Дон Чезаре пытался рассказать Мариетте о единственной своей несчастной
любви. Это оказалось не так-то легко. Мариетта никуда из Порто-Манакоре не
выезжала, ни разу в жизни на ее памяти никто не посмел усомниться в
могуществе ее хозяина.
Только когда он перешел к изменам Люсьены, Мариетта встрепенулась.
- А вы бы взяли да прогнали ее! - воскликнула она.
Он и в самом деле прогнал Люсьену. Кстати, в тот день она ничуть не
сильнее оскорбила его, чем обычно. Просто болтала с кем-то по телефону -
он не знал с кем, - шутила, и все это с явным вызовом в его адрес...

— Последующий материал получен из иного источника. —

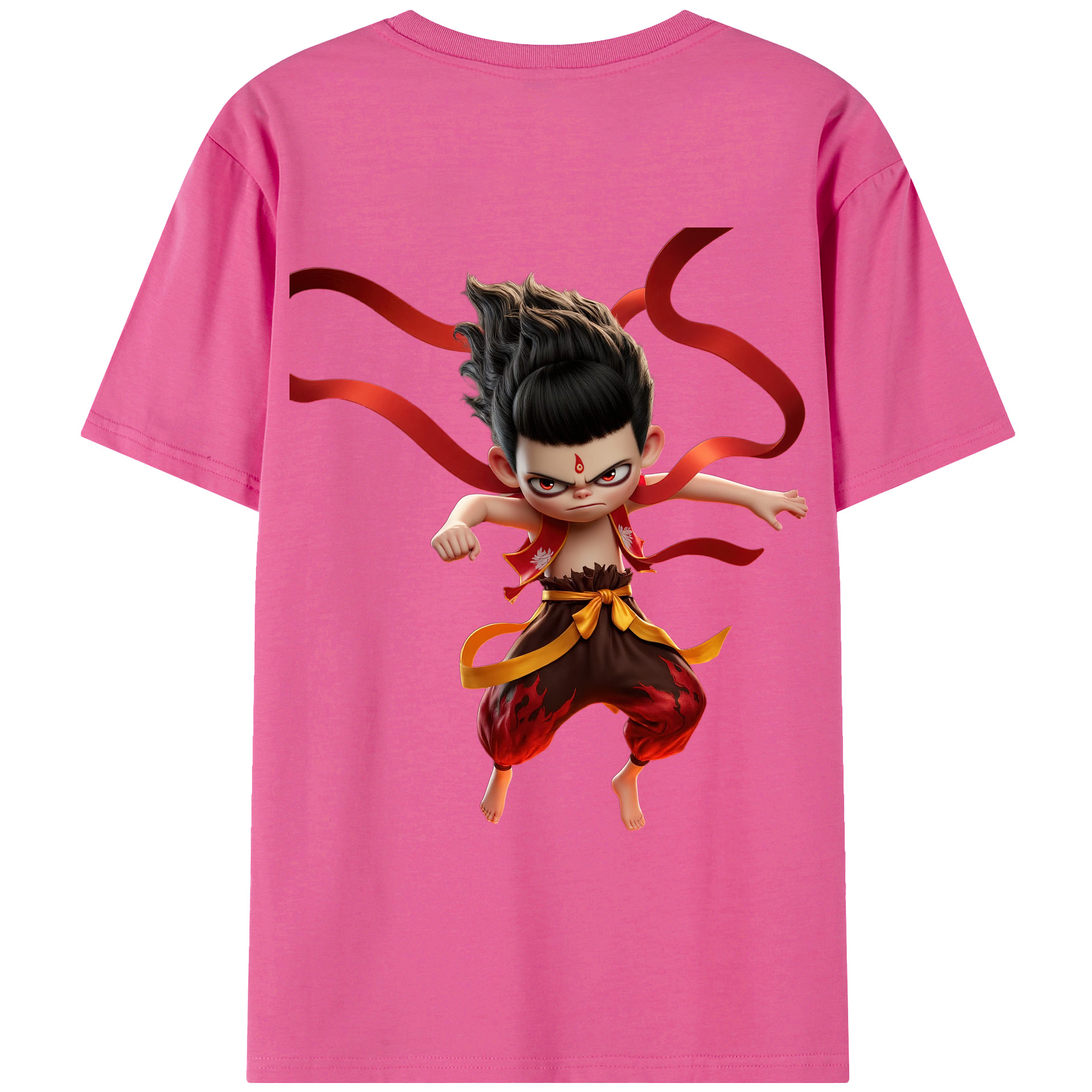 （画像用） Ne Zha 2 ナタ 魔童の大暴れ レディース半袖Tシャツ(バックプリント)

Да-разве такие еще унижения он от нее терпел? Но в эту самую минуту он
понял, что уже вышел из-под власти навязанного ею закона. Он вдруг увидел
ее и себя рядом с ней, в их квартирке на улице Спонтини: он сидит на
постели, она болтает по телефону, - увидел их обоих такими, какими они
были в действительности, но так, как увидел бы со стороны двух любовников,
только это не были ни он, ни она, а, скажем, любовники на театральных
подмостках, или так, как увидел бы их хромой бес, приподнявший крышу дома.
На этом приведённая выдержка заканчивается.